OPINION

Confessions of a Bookie

I have certain peculiarities about books.  I still have every book I’ve owned (I think; I’ve been through a lot of books).  To give away, to sell, or even to loan a book I have read is unthinkable: I’d as soon run naked through a public park—books are the most intimate of possessions.  And out of respect for others and their bookish idiosyncrasies, I never borrow a book.  Too, I have trouble accepting a used book as a gift because it has been someone’s personal, and therefore intimate, possession.

Book hall

I have enjoyed as far back as I can remember.  I read school assignments, the Dallas Times Herald (an afternoon paper, now defunct, for which I had a paper route), the Reader’s Digest, and popular magazines— Time, Look, Life and the Saturday Evening Post. Reading books for pleasure took hold later—it required quiet and a settled environment, something in short supply in our turmoil-filled home.

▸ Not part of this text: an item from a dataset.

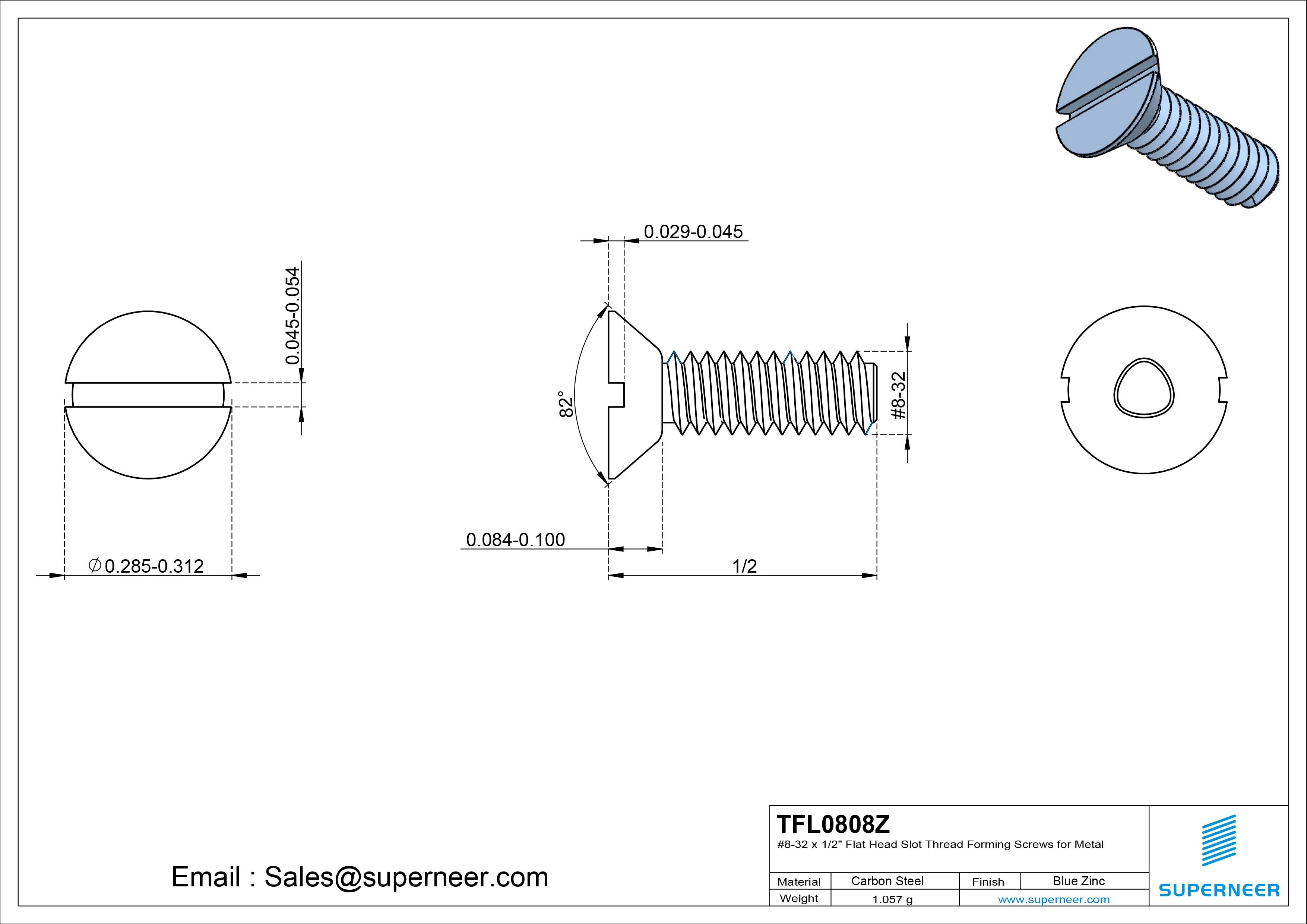 8-32 × 1/2 Flat Head Slot Thread Forming Screws for Metal Steel Blue Zinc Plated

It was love of reading that led to the episode “A Trip to the Principal’s Office.”  Unlike some who have a love affair with books my interest didn’t begin until I was in medical school. 

Dad’s death in 1957 changed everything, including my reading habits.  Tension vanished overnight and I was reborn as much as anyone can be.  The following year my Rice grades leaped, I landed on the Dean’s List, and was admitted to UT Southwestern Medical School, where I flourished. During my sophomore year I began to read books for pleasure. I dispensed with the Ex Libris labels and developed the habit of signing my name on the frontispiece, a practice that quickly expanded to include the date, and later the time and place I was when I finished.  Over the years it has evolved into a sentence or two encompassing my thoughts about the book or the setting.  To thumb through my books is to revisit my reading, my travels, my life.

I’ve said many times that medical school was the easiest thing I ever did and the most fun.  Studying involved a lot of reading and I luxuriated in it.  Reading was the purest form of pleasure and stuff just stuck in my head in a way I’d not before experienced.  By the summer of 1960, before my junior year was to begin, I had overcome my insecurities enough to branch out from purely medical topics and began to read other things.  Among the first was Russian author Boris Pasternak’s novel, Dr. Zhivago, which reached the West in 1957 and earned him the 1958 Nobel Prize for Literature.  It was an international sensation, particularly because of the secretive nature of Russian society at the time and the tensions of the Cold War.

Paging Through Life: Typical entries

Dr. Zhivago only whetted my appetite for more.  The next one I recall reading was William Shirer’s epic history of Nazi Germany, “The Rise and Fall of the Third Reich”, a 1200+ page tome that I read in the summer of 1961 between my junior and senior years, much of it on a trip to Colorado with my new girlfriend, Marianne Harper.  That in turn stimulated me to read Winston Churchill’s six volume “World War II” and his four volume “History of the English Speaking Peoples” during my senior year.

A few years ago inventoried my collection, including the frontispiece inscriptions and some notes added with the perspective gained in the intervening years, and transferred the information to a list (Paging Through Life) arranged by title in sequential order. In turn this led to the “Reading” entry in my annual Christmas letter. It has proved satisfying because I hear from friends who have read some of the books I mention.